Regular object of DAOS is stored in hierarchical format, it can support multi-version and arbitrary overwrites, DAOS has to keep tree indexes for these objects to support high efficient key and value lookup. It means that DAOS has to do multi-allocation for every I/O (object, tree node, key, tree node, value…), if these allocations are small enough, most of them will stay in the MD-blob forever: it is impossible for DAOS to migrate all small pieces to DT-blob because write amplification is unacceptable.

WORM object

Because data model of DAOS can support snapshot, overwrite, distributed transaction, MVCC…, so it is hard to change the metadata format. However, for workloads like AI/ML, the dataset for ingestion will not not modified by AI/ML, It means that keeping indexes and logs for objects is not always necessary, especially for objects are relatively small. The terminology to describe this kind of AI/ML datasets is Write-Once-Read-Many (WORM).

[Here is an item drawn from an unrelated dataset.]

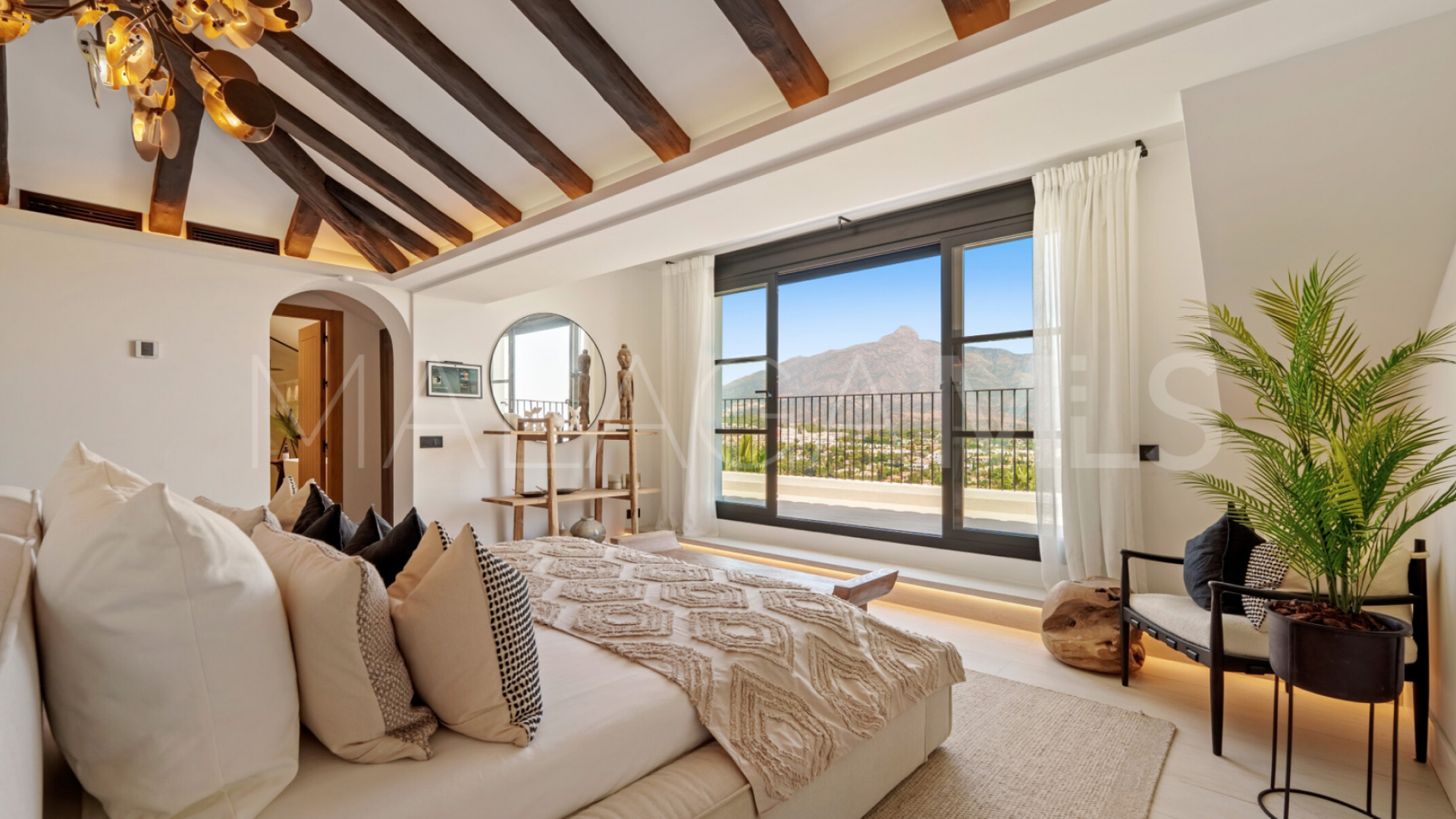 Villa for sale in Nueva Andalucia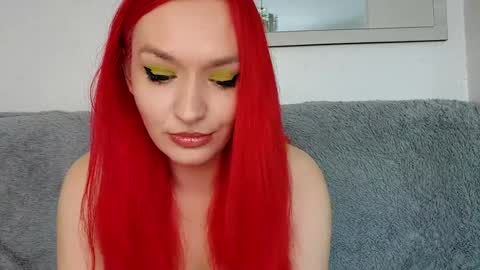 Snapshot of cassandratate chatting on 02-04-25, 08:46 Casey Chris online show from 02-04-25, 08:46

WORM object will never be modified again after completion of write, so it can be serialized, which is called flattened in this design document, into contiguous buffer and migrate to DT-blob (unpinned from DRAM). After migrating to DT-blob, memory occupied by the object can be freed. In the future, before serving read, the entire object can be brought back to DRAM by one SSD read from DT-blob.

Flattened format

The flattened object has similar format as “pool map” of DAOS(diagram on the left side), as show in the diagram on the right side, each component in the buffer includes the offset of its first child, it also records total number of children. While serving read request, keys and values can be found by linear search in the flattened buffer.

Data format of WORM object


NB: because DAOS should provide fast search and read but flattened object can only support linear search, so DAOS can still keep indexes for large object even it is WORM. This is OK because metadata overhead of large object is negligible comparing with data.